This document should cover 7.32.0 pretty accurately, but will make sense even
for older and later versions as things don't change drastically that often.

 1. The main structs in libcurl
  1.1 SessionHandle
  1.2 connectdata
  1.3 Curl_multi
  1.4 Curl_handler
  1.5 conncache
  1.6 Curl_share
  1.7 CookieInfo

==============================================================================

1. The main structs in libcurl

  1.1 SessionHandle

  The SessionHandle handle struct is the one returned to the outside in the
  external API as a "CURL *". This is usually known as an easy handle in API
  documentations and examples.

  Information and state that is related to the actual connection is in the
  'connectdata' struct.
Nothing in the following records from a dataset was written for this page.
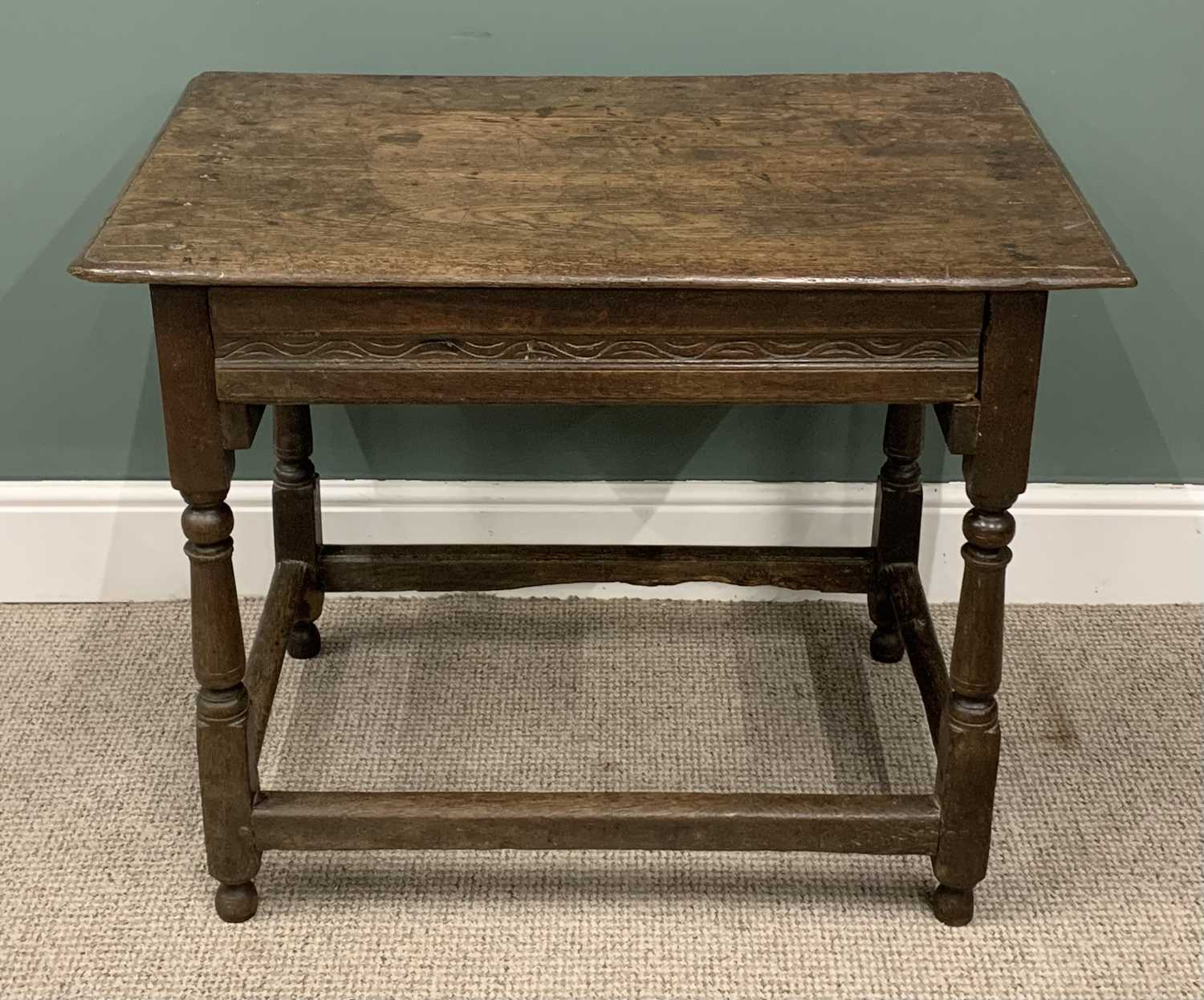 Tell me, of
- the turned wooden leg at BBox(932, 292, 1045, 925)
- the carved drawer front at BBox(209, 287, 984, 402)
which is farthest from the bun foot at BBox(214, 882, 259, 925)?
the turned wooden leg at BBox(932, 292, 1045, 925)

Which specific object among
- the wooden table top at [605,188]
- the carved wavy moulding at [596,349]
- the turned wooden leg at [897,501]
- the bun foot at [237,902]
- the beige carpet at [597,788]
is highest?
the wooden table top at [605,188]

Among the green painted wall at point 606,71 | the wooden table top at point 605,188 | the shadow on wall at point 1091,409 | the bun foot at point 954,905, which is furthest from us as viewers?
the shadow on wall at point 1091,409

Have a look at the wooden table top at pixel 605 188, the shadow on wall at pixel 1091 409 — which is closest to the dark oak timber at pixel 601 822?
the wooden table top at pixel 605 188

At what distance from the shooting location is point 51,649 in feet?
5.74

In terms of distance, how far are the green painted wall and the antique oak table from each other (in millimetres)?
133

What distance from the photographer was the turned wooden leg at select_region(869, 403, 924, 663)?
5.30 ft

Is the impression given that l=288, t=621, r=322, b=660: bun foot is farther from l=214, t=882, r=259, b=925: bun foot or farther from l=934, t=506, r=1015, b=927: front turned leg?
l=934, t=506, r=1015, b=927: front turned leg

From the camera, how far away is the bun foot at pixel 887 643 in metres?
1.72

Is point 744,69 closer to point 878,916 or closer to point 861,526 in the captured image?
point 861,526

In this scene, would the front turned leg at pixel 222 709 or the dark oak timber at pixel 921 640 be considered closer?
the front turned leg at pixel 222 709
When a transfer is about to be made, libcurl will
  either create a new connection or re-use an existing one. The particular
  connectdata that is used by this handle is pointed out by
  SessionHandle->easy_conn.

  Data and information that regard this particular single transfer is put in
  the SingleRequest sub-struct.

  When the SessionHandle struct is added to a multi handle, as it must be in
  order to do any transfer, the ->multi member will point to the Curl_multi
  struct it belongs to. The ->prev and ->next members will then be used by the
  multi code to keep a linked list of SessionHandle structs that are added to
  that same multi handle. libcurl always uses multi so ->multi *will* point to
  a Curl_multi when a transfer is in progress.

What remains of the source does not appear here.